Activity: In this exercise, write out the data word for word and leave every image out.

___ Material provided ___

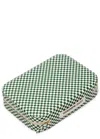Daisy London X Shrimps Large Checked Jewellery Case In Green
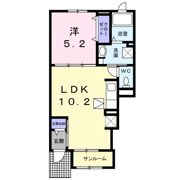 ルチェンテDの間取り画像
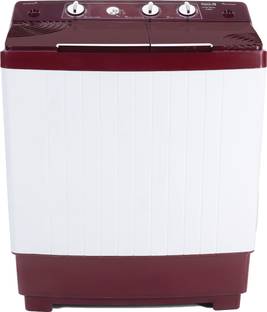 InnoQ 6.5 kg | Turbo Wash Technology | Magic Filter | Dynamic Pulsator | Collar Scrubber | Semi Automatic Top Load Washing Machine Maroon, White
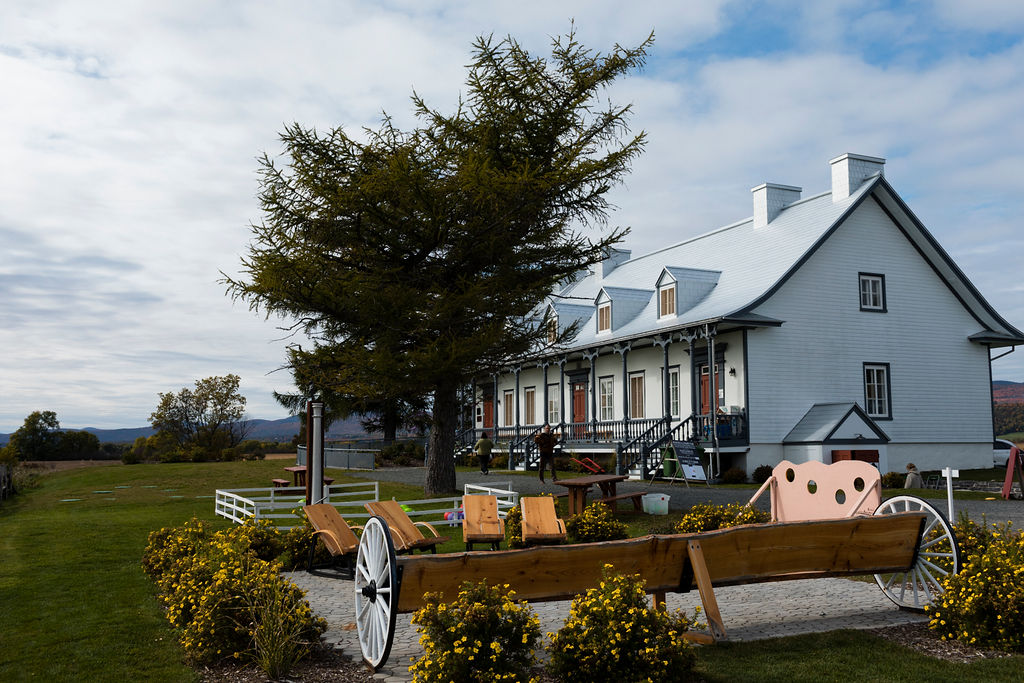 Bâtiment patrimonial de La Grande Ferme à Saint-Joachim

___

Response to the task:
Daisy London X Shrimps Large Checked Jewellery Case In Green
 ルチェンテDの間取り画像
 InnoQ 6.5 kg | Turbo Wash Technology | Magic Filter | Dynamic Pulsator | Collar Scrubber | Semi Automatic Top Load Washing Machine Maroon, White
 Bâtiment patrimonial de La Grande Ferme à Saint-Joachim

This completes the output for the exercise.